The Vikings retained defensive end Everson Griffen, signing him to a rich $42.5 million contract with $20 million guaranteed the day before the free agency period. The numbers of his deal raised eyebrows around the league, but he’s quite the talent, and his early season productivity — nine sacks in nine games, third in the league — has been exactly the type of return Minnesota was looking for on the lucrative extension.

In the draft last May, the Vikings used the ninth overall selection on UCLA standout Anthony Barr. In college, Barr was an outside linebacker in a 3-4 scheme and displayed the characteristics scouts covet — leverage, length, size and strength. For the Vikings, Barr has made a seamless transition to the strong-side (Sam) linebacker spot and plays a crucial role in their pressure packages.

Zimmer has always been fond of stockpiling athletes along the defensive front with complementary skills. By using a rotation, he’s able to keep players fresh, and he’s very adept at scheming one-on-one situations for his rushers. One of the staples of his pressure package is the “mug” look, whereby he aligns his linebackers on the outside shoulders of the center to create pre-snap conflict in the protection scheme, then plays line games post-snap to further complicate matters.

Post-snap, Zimmer plays hybrid coverages behind the blitz — depending on how many rushers he actually sends from the mug look — to confuse the quarterback’s reads.
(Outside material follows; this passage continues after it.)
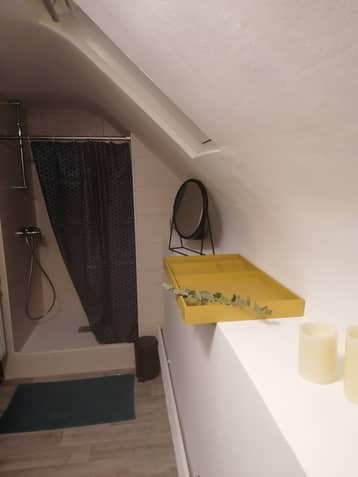 Douche et étagère jaune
Let’s go to the film room to take a closer look.

The first example comes from the Vikings-Bills game. On a third-and-5 in their own territory, the Bills come out in 11 personnel in a doubles slot gun formation. The Vikings respond with nickel personnel and show a seven-man defensive line, walking safety Harrison Smith up to the line and mugging the A-gaps with Barr and Chad Greenway.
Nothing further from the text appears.